Why are norms better?

Of course, if norms were merely “as good as” licenses in the ways I just listed, I probably wouldn’t recommend them. Here are some ways that they can be better, in ways that address some of the concerns I raised in my earlier posts in this series:

  • Global: While [building global norms is not easy](http://www.ncbi.nlm.nih.gov/pmc/articles/PMC3038591/), social norms based on appeals to the very human desires for collaboration and partnership can be a lot more global than the current schemes for protecting database or hardware rights, which aren’t international. (You can try to fake internationalization through a license, but as I pointed out in earlier posts, that is likely to fail legally, and be ignored by exactly the largest partners who you most want to get on board.)
  • Flexible: Many of the practical problems with licenses in data space boil down to their inflexibility: if a license presumes something to be true, and it isn’t, you might not be able to do anything about it. Norms can be much more generous – well-intentioned re-users can creatively reinterpret the rules as necessary to get to a good outcome, without having to ask every contributor to change the license. (Copyright law in the US provides some flexibility through fair use, which has been critical in the development of the internet. The EU does not extend such flexibility to data, though member states can add some fair dealing provisions if they choose. In neither case are those exceptions global, so they can’t be relied on by collaborative projects that aim to be global in scope.)
  • Work against, not with, the permission culture: Lessig warned us early on about “permission culture” – the notion that we would always need to ask permission to do anything. Creative Commons was an attempt to fight it, but by being a legal obligation, rather than a normative statement, it made a key concession to the permission culture – that the legal system was the right terrain to have discussions about sharing. The digital world has pretty whole-heartedly rejected this conclusion, sharing freely and constantly. As a result, I suspect a system that appeals to ethical systems has a better chance of long-term sustainability, because it works with the “new” default behavior online rather than bringing in the heavy, and inflexible, hand of the law.

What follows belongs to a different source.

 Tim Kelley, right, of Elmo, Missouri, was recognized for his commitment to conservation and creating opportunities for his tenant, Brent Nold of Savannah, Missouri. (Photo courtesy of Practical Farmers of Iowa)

Why you still need a (permissive) license

Norms aren’t enough if the underlying legal system might allow an early contributor to later wield the law as a threat. That’s why the best practice in the data space is to use something like the Creative Commons public domain grant (CC-Zero) to set a clear, reliable, permissive baseline, and then use norms to add flexible requirements on top of that. This uses law to provide reliability and predictability, and then uses norms to address concerns about fairness, free-riding, and effectiveness. CC-Zero still isn’t perfect; most notably it has to try to be both a grant and a license to deal with different international rules around grants.

What next?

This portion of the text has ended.